Sie haben 2019 in der Gedenkstätte Yad Vashem in Israel 75 Überlebende des Holocaust fotografiert. Ein Teil der Bilder war in Ausstellungen auch in Deutschland zu sehen. Fotografiert man solche Menschen anders als zum Beispiel Hollywood-Stars?
Technisch nicht, aber mein Gefühl war dabei natürlich völlig anders. Ich bin ein Deutscher, Nachkomme der Tätergeneration und da kam dieses Schuldgefühl, dass ich als Jugendlicher schon hatte, wieder hoch. Und als ich da fotografierte, fingen viele der Menschen an, mit mir Deutsch zu sprechen, weil Deutschland damals ein Land war, in das ihre Eltern eingewandert waren, weil Deutschland ein großes Versprechen der Zukunft war. Und deshalb hatten sie als Kinder schon Deutsch gelernt aber nach ihrer Befreiung nicht mehr gesprochen.
Sieht man das gelebte Schicksal in solchen Gesichtern?

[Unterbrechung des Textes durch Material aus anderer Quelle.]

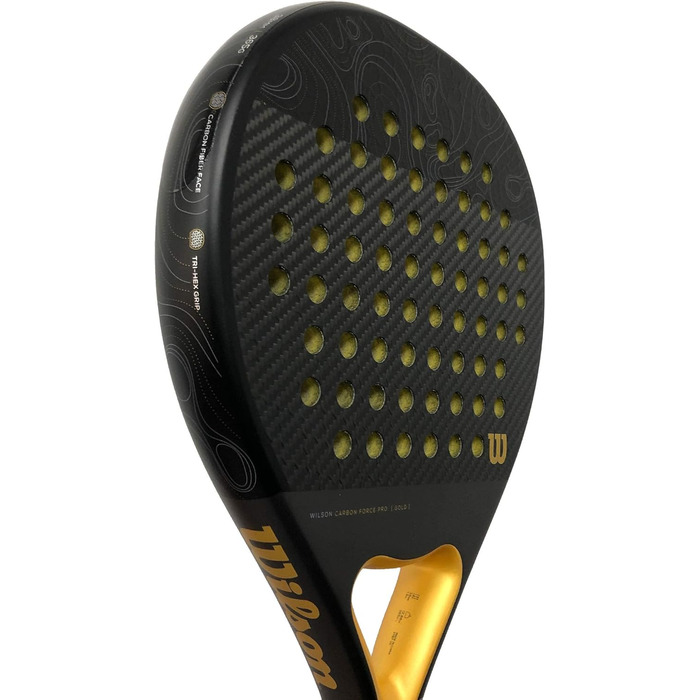 Тенісна ракетка Wilson Carbon Force Pro Gold Ltd, карбонова, професійна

Schwer zu beantworten. Das, was die Menschen in Auschwitz oder anderen Lagern überlebt haben, ist 75 Jahre her, sie waren alle Kinder. Danach kam dann ein anderes Leben, sie zogen in andere Länder, die meisten haben große Familien, Kinder, Enkelkinder, manche haben die Kriege in Israel erlebt. Die Frage ist, was kann man wirklich in einem Gesicht sehen? Ich glaube, wir versuchen oft mehr in Gesichter hineinzulesen, als es wirklich zu sehen gibt.